Pretty much every serious sports brand is engaged in a technological arms race, busy adding new advances to its workout wear wicking, padding, springing all in an effort to convince you that its stuff, and its stuff alone, will make you better at your sport.
While this may be true for professional athletes, who work closely with their uniform sponsors and for whom every second shaved counts, it is less important for amateurs. For amateurs, stretching probably counts more.
Indeed, when it comes to picking workout gear, or committing to a type of workout gear, the issue for most of us may be more mental than physical. If you feel that you have more power or speed because your shoe or shirt is lighter, you may move as if that is true. And exert yourself as if it is true.

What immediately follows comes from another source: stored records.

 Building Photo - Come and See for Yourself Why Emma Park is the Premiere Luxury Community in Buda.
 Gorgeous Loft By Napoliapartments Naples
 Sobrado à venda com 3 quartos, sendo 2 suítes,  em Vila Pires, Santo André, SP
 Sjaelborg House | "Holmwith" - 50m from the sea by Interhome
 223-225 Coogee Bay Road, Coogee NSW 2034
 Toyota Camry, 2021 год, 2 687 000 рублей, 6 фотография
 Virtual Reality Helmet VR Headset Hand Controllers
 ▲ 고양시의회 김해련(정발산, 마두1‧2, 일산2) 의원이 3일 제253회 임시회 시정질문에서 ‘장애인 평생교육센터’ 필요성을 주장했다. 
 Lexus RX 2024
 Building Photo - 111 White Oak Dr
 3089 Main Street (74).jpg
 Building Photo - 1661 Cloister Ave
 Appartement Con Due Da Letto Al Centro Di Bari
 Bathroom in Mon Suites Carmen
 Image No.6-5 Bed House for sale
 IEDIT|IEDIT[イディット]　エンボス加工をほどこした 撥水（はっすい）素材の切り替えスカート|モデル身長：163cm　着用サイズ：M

There is nothing wrong with that. Pretty much any time I have spoken to serious competitive athletes, they have said that what they wear makes a difference. If they feel good, they perform better. In part this is what is behind the trend among female athletes to finally take control of their own uniforms rather than wearing shrunken versions of men’s looks.
As to how you choose what you wear to work out, there are a number of considerations.
The first criteria for amateurs should simply be what feels good and what you can afford. Investment in gear should be calibrated by how serious you are about a sport. Remember all those movies about middle-aged people dressed up in the latest sports tech as if they were about to compete in a world championship? They are almost all comedies.
Then there’s the question of association. Like fashion brands that sign celebrity ambassadors as a way to woo fans, sports brands connect with star performers to sell you the promise that the tech that made that person a success is going to filter down to you. Whether or not that is true matters less than whether or not you idolize the athlete.
On a larger scale, sports brands, even more than fashion brands, have become adept at creating communities around their values, so often people think of themselves as “Nike people” or “Adidas people” or “Sketchers people” or even “Chuck II people.” I have often thought there is an anthropological study waiting to be done in gyms that could map sociocultural groups by sports brand.
And that doesn’t take into account the antibrand disciplines like climbing, where looking slavishly beholden to an outfitter is like wearing a neon sign that says “not serious.”
All of which is to say, if On CloudTec sneakers and NikeSKIMS leggings and Adidas Techfit tops are your jam, mix and match with abandon. Just be aware that you may be scrambling your signals.
Finally, whatever you do, stay away from the sports gear from high-end fashion brands. There may be an element of arch irony in a Louis Vuitton bicycle or Chanel boxing gloves, but that works only in magazine photo shoots, or maybe Gstaad.